DATA SUPPLIED |
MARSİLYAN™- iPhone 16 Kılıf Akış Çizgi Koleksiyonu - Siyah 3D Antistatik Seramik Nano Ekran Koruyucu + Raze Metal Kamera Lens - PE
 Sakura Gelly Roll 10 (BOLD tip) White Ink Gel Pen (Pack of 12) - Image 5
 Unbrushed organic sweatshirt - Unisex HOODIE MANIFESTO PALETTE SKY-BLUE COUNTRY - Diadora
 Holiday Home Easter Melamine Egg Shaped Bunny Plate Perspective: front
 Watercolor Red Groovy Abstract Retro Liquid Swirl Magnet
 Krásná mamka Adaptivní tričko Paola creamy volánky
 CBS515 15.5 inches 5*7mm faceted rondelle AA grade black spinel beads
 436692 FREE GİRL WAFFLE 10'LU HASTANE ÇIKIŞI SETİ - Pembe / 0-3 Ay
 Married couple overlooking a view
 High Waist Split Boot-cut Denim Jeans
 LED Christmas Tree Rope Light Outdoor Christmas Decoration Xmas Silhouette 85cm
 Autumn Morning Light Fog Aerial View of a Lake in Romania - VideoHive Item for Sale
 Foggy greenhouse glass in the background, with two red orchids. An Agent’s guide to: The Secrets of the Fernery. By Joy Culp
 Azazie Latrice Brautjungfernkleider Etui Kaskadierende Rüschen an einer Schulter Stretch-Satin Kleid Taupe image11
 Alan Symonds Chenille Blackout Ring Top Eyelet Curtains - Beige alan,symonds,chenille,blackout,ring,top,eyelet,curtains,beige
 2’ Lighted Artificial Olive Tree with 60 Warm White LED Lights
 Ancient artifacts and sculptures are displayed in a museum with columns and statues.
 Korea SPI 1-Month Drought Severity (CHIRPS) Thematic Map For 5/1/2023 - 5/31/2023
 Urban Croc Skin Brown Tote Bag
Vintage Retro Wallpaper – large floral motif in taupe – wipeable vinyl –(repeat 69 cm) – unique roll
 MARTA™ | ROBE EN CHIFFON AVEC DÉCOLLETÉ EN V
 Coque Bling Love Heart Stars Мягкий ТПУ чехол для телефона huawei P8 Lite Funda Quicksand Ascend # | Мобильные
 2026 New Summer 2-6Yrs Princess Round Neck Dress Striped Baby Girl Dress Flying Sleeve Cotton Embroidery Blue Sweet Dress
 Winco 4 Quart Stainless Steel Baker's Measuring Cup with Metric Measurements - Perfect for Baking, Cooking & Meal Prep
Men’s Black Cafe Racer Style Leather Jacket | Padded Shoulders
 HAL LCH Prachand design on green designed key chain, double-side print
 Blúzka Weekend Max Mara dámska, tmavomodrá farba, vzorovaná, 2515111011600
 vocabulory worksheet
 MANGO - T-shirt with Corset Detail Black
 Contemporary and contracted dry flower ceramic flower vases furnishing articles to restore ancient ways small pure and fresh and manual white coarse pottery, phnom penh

TASK PROMPT | Where a line in the records above contains the word "Tree", copy that line.

TASK OUTPUT |
 LED Christmas Tree Rope Light Outdoor Christmas Decoration Xmas Silhouette 85cm
 2’ Lighted Artificial Olive Tree with 60 Warm White LED Lights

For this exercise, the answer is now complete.